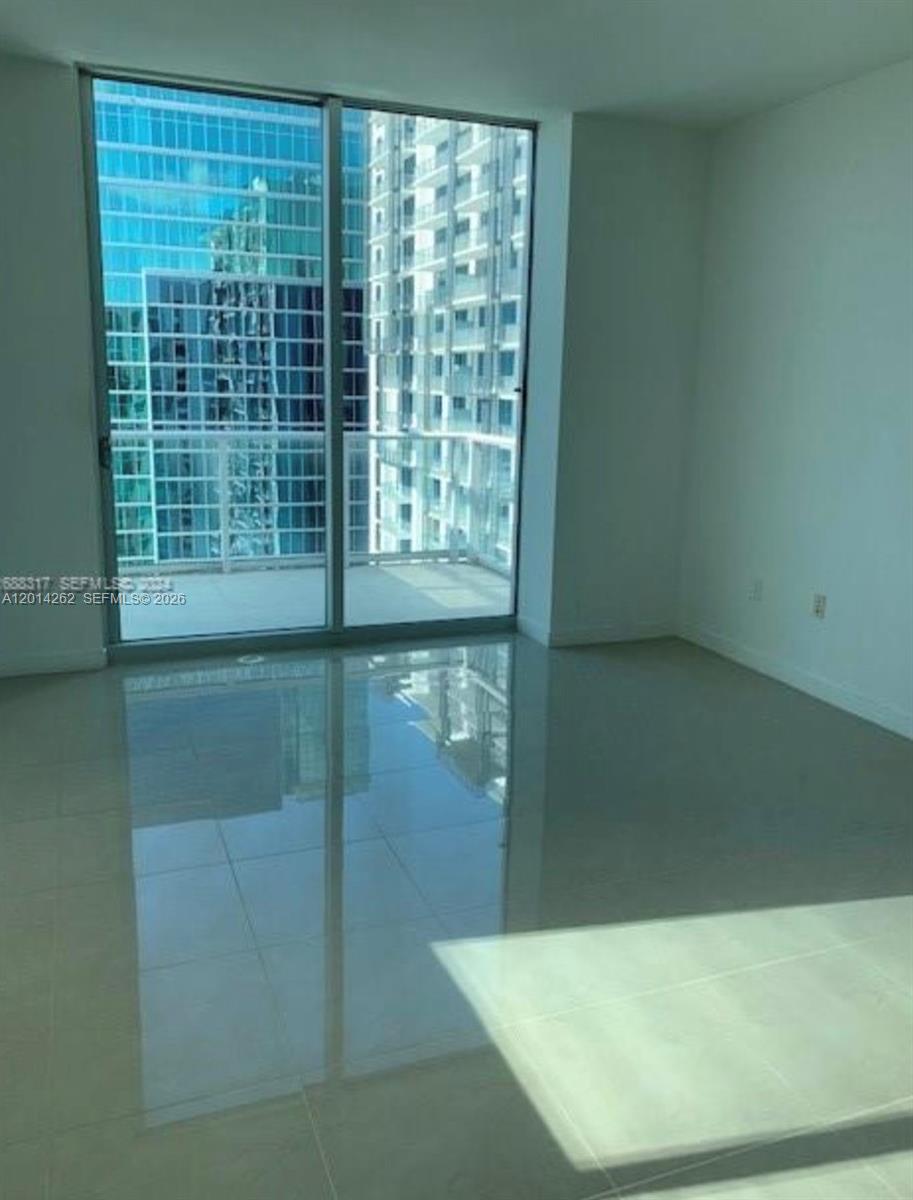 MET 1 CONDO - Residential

...

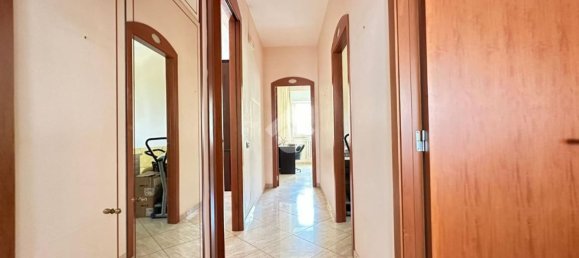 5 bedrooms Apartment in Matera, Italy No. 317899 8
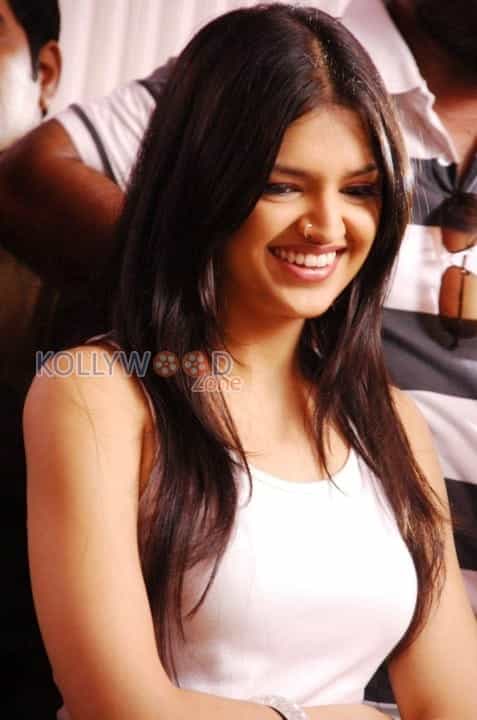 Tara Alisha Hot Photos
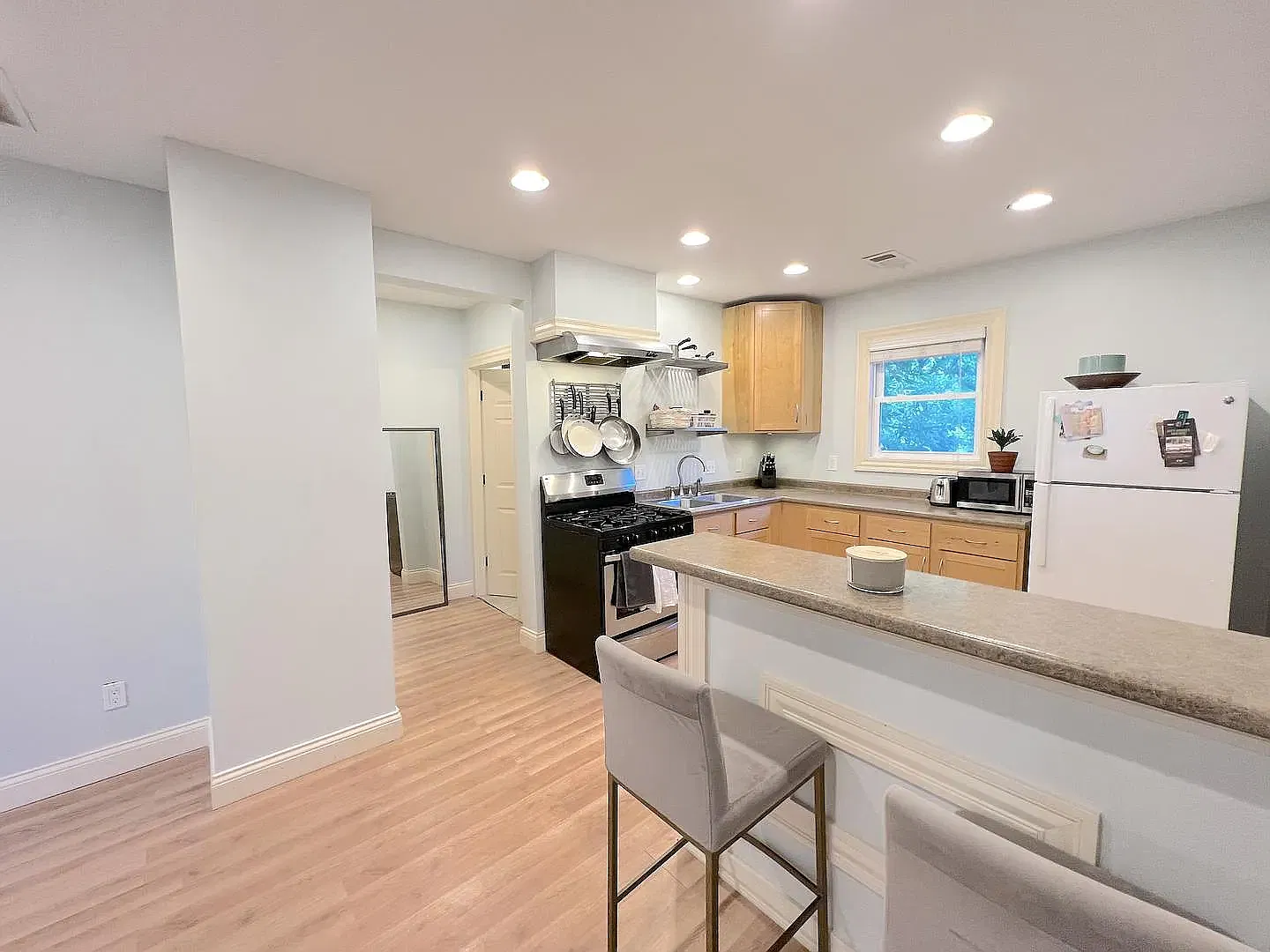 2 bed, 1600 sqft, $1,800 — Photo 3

__TRY IT__
Within the material above, find the part that opens with the line containing "5 bedrooms Apartment" and closes with the line containing "2 bed, 1600 sqft, $1,800 — Photo 3", and reproduce it exactly without the pictures.

__ANSWER TO THIS TASK__
 5 bedrooms Apartment in Matera, Italy No. 317899 8
 Tara Alisha Hot Photos
 2 bed, 1600 sqft, $1,800 — Photo 3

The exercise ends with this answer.